Ma perché, amantissimo mio Salvatore e mio Dio, voleste assoggettarvi a tanti e sì acerbi patimenti, se senza di questi, ma con poco, potevate salvarci? Se senza morire, con una sola goccia del vostro preziosissimo sangue potevate riscattare il mondo, perché voleste versarlo tutto su di una croce, morendo? Non per altro, risponde S. Bernardo con i santi padri, che per farci intendere che ciò che bastava alla redenzione, non bastava all’amore. Infatti, se con poco potevate redimerci, essendo tutte le vostre azioni d’infinito valore, non potevate, però, con poco mostrarci l’infinita grandezza dell’amor vostro!
E noi non vi ameremo ancora, e vorremo ancora dividere tra le creature quel cuore e quell’affetto che, per tanti titoli, è tutto dovuto a voi? Vorremo noi continuare ad essere con voi, come facemmo per tanto tempo, sì ingrati sino ad offendervi indegnamente, anziché amarvi?
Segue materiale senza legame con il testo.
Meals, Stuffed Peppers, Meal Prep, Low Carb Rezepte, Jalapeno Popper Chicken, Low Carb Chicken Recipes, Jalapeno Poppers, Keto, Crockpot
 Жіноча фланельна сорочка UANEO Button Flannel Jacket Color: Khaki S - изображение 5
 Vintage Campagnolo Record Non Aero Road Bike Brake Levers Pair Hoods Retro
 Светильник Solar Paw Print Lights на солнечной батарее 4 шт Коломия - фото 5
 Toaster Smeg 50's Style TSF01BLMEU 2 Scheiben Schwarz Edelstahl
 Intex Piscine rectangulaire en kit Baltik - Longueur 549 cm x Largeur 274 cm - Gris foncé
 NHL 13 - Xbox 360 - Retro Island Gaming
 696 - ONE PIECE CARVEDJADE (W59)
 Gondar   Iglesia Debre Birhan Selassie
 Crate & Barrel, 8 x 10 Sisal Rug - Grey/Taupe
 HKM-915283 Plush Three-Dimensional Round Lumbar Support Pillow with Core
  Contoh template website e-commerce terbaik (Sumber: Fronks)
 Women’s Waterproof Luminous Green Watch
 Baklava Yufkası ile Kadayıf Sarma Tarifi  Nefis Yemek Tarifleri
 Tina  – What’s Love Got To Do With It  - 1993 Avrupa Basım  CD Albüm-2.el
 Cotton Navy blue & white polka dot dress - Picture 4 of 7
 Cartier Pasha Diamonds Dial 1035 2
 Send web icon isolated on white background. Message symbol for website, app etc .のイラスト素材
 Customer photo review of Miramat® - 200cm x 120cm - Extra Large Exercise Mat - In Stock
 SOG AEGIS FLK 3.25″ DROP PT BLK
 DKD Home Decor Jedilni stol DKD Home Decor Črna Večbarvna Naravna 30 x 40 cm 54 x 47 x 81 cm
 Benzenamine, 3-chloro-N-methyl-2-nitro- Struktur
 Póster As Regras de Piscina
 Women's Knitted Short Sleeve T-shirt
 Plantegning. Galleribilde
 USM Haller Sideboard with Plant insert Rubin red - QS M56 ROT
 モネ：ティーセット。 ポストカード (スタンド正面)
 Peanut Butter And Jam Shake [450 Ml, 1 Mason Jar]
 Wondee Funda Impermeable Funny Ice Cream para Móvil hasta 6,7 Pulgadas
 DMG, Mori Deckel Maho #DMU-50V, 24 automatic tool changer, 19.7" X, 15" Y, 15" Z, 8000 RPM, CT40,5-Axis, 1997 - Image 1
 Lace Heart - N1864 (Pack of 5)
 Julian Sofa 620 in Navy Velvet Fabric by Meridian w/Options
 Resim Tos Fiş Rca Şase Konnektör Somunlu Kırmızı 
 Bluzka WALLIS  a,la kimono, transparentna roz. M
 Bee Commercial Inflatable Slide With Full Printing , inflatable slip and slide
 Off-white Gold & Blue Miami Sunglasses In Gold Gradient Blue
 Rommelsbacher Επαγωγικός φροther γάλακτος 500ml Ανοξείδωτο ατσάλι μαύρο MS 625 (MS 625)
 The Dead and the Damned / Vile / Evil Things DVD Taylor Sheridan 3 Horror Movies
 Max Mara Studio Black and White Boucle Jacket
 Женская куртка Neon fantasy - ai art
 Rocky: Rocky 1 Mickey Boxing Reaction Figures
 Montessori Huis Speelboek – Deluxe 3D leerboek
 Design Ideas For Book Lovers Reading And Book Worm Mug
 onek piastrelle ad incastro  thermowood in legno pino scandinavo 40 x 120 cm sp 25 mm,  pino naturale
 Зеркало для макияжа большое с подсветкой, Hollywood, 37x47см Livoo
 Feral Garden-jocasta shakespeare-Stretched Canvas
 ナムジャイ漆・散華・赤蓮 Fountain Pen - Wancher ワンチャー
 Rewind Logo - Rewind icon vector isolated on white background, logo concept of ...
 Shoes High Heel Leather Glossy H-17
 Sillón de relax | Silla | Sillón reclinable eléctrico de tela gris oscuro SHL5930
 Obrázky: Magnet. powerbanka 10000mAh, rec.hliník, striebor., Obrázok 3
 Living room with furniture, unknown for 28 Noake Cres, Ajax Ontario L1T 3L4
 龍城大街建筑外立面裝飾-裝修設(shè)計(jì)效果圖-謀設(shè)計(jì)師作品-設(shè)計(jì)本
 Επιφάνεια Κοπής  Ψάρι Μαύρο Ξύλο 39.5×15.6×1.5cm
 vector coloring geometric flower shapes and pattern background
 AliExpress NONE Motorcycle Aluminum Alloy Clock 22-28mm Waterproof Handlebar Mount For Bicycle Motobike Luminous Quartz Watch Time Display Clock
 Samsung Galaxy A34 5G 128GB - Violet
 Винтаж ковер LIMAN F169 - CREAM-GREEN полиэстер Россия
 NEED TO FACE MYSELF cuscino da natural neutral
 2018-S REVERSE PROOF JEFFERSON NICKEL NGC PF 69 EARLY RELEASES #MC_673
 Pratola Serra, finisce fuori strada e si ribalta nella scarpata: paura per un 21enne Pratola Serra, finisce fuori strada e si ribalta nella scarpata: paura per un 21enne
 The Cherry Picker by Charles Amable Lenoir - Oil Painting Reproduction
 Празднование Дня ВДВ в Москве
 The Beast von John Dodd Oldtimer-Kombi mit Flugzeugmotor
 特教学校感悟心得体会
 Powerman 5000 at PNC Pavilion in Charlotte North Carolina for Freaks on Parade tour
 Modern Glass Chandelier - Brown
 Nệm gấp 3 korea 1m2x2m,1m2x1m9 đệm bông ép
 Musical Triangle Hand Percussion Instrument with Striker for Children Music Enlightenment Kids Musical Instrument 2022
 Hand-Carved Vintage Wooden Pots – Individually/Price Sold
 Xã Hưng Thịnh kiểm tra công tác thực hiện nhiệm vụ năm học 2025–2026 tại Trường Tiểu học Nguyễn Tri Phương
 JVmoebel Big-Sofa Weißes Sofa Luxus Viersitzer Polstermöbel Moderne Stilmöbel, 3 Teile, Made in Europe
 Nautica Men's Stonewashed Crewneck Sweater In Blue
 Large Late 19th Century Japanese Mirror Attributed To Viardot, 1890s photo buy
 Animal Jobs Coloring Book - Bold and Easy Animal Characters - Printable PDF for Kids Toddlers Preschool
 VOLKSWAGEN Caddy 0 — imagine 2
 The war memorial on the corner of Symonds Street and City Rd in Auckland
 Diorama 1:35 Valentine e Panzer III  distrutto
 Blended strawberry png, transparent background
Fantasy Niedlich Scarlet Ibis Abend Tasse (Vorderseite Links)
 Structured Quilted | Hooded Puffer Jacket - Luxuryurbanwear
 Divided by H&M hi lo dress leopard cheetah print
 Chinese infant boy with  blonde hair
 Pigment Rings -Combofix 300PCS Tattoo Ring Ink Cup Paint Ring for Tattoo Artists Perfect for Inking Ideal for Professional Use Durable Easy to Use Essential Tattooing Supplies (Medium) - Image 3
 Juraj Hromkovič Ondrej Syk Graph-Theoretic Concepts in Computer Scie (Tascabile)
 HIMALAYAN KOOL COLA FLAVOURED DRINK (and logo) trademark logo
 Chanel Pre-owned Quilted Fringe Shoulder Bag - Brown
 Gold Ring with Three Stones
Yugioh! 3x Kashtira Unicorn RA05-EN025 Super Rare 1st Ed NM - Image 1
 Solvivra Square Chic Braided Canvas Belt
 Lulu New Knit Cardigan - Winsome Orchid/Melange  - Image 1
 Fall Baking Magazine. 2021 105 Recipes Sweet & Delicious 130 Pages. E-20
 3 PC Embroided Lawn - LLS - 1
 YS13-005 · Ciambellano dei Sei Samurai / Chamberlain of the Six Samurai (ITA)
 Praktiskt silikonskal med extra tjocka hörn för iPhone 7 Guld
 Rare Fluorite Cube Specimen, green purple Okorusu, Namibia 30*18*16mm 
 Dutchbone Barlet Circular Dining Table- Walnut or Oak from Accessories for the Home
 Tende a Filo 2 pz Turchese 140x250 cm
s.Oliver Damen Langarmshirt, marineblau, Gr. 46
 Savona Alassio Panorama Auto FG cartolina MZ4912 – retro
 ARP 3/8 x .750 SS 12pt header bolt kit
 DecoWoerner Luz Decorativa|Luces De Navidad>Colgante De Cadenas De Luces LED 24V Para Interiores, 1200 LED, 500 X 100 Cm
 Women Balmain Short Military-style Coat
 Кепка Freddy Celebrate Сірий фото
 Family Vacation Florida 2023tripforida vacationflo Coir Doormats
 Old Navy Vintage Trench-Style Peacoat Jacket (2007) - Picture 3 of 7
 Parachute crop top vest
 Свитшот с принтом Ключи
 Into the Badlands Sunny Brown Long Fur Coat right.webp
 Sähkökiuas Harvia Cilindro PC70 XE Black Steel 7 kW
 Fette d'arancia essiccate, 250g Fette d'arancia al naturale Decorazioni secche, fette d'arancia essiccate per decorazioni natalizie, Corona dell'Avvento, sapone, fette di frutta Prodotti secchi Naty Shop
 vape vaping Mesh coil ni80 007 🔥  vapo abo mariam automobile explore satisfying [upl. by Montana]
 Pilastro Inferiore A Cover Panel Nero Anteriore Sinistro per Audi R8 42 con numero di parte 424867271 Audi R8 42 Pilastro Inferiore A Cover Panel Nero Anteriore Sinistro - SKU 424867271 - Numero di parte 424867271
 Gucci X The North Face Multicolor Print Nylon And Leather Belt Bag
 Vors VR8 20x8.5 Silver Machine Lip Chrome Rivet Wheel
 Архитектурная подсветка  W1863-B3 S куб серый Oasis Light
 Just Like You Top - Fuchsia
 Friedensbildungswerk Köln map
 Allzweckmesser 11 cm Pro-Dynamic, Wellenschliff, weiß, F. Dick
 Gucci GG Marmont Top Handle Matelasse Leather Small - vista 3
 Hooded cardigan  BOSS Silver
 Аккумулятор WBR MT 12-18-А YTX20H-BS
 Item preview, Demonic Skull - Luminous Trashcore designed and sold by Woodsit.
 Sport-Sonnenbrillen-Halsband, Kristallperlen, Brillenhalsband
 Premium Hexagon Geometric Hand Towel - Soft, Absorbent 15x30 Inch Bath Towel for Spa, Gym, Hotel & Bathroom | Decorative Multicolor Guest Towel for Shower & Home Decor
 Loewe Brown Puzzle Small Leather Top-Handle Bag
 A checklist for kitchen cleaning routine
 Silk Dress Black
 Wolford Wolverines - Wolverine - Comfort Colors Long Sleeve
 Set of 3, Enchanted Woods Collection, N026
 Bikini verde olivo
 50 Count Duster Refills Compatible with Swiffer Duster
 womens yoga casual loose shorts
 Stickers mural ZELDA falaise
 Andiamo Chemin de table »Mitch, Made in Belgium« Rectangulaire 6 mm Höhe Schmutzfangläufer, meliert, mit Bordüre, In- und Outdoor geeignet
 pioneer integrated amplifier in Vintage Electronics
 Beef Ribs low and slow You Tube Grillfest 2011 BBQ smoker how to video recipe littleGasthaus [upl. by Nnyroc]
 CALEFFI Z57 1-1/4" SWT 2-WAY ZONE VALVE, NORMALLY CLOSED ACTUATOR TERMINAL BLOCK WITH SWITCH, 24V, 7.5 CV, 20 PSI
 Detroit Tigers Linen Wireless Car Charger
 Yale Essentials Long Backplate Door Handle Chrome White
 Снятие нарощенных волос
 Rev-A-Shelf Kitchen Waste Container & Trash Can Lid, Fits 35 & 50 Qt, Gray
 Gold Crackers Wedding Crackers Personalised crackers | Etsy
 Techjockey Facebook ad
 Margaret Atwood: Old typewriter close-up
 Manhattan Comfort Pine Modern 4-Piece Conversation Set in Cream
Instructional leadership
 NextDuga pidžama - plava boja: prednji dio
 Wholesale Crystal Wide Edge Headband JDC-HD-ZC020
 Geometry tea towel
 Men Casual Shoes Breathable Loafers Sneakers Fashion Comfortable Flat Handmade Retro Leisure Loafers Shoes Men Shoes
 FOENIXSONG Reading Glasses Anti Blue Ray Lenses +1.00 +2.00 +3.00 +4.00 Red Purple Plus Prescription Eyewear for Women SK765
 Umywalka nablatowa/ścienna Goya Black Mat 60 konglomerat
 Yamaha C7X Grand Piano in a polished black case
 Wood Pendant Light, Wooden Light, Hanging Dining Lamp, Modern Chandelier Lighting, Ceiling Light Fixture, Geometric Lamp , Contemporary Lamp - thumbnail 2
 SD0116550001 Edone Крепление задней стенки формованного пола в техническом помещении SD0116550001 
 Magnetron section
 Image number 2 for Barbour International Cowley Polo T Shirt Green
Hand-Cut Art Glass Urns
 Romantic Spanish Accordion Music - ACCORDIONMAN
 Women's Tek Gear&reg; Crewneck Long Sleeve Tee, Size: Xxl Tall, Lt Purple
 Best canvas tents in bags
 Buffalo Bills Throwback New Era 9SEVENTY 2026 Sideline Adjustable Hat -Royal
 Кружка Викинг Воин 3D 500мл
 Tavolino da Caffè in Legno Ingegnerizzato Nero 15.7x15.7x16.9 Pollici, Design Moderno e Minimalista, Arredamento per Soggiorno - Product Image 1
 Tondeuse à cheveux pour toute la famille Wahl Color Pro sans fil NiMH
No, mio Signore, mio Dio, finché avremo vita, questa riflessione renderà il nostro dolore inconsolabile e il nostro pentimento più amaro, perché, invece di amarvi per tanti vostri benefici e per così segnalati favori vi abbiamo tanto offeso. Noi vogliamo amarvi, bontà e bellezza infinita, con tutto il cuore, con tutta l’anima, con tutte le forze. Voi ce lo comandate, come supremo Signore e padrone di tutte le cose; lo meritate, come bellezza e bontà infinita; lo esigete, come sommo nostro benefattore; noi ve lo dobbiamo con tutta ragione. Ma, poiché questo amore è vostro dono, datecelo Voi, infondetelo Voi in tutte le potenze dell’anima nostra, affinché con un amore più fervoroso e più acceso, possiamo supplire alle passate mancanze. Amen.